_Work item_: With pictures left out, output word for word the lines from the one containing "Buenas Noches Buho GIF" through the end of the material below.

_Data_:

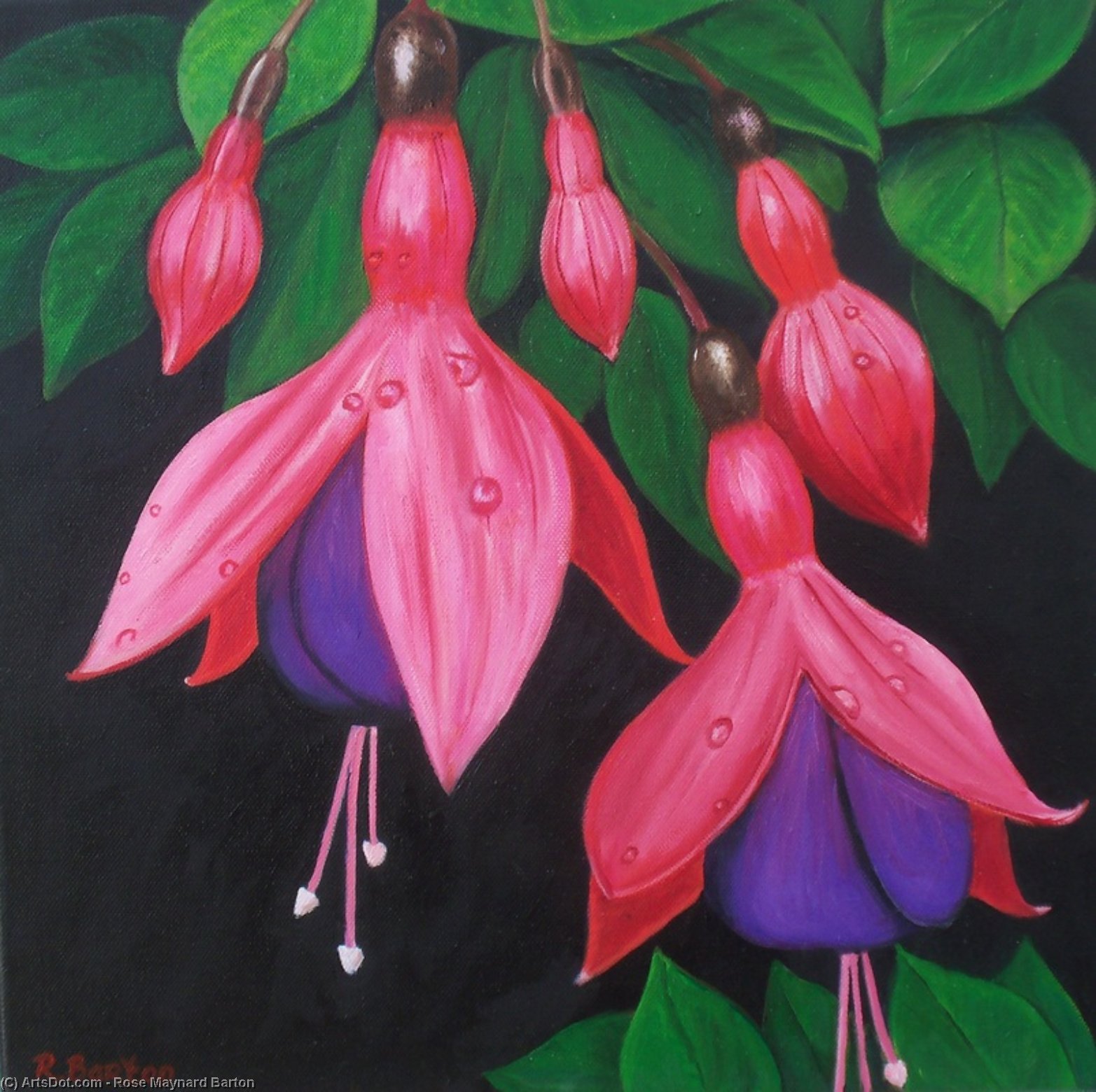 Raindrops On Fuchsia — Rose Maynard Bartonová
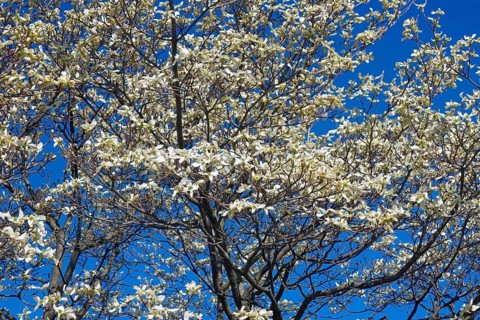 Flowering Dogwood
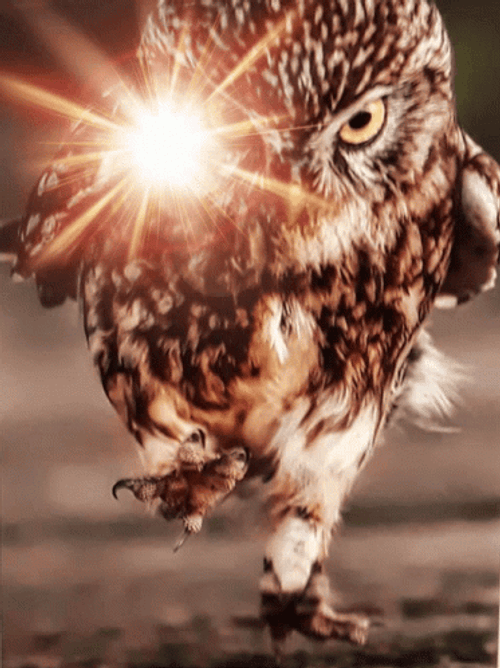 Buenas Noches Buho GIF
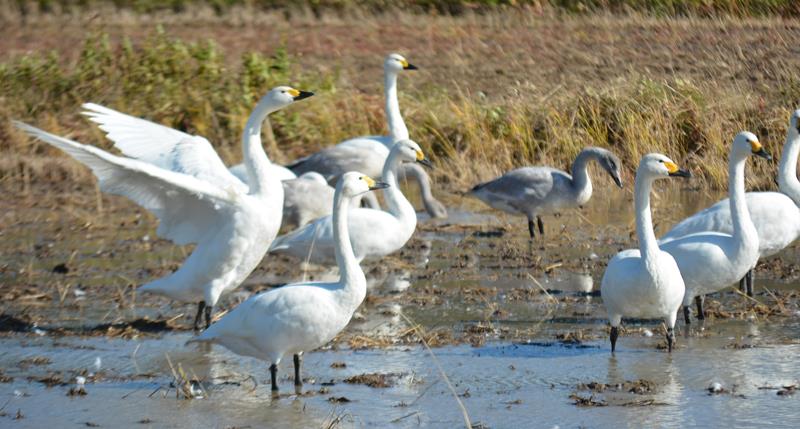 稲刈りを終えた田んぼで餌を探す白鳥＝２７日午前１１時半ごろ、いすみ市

_Result of the task_:
 Buenas Noches Buho GIF
 稲刈りを終えた田んぼで餌を探す白鳥＝２７日午前１１時半ごろ、いすみ市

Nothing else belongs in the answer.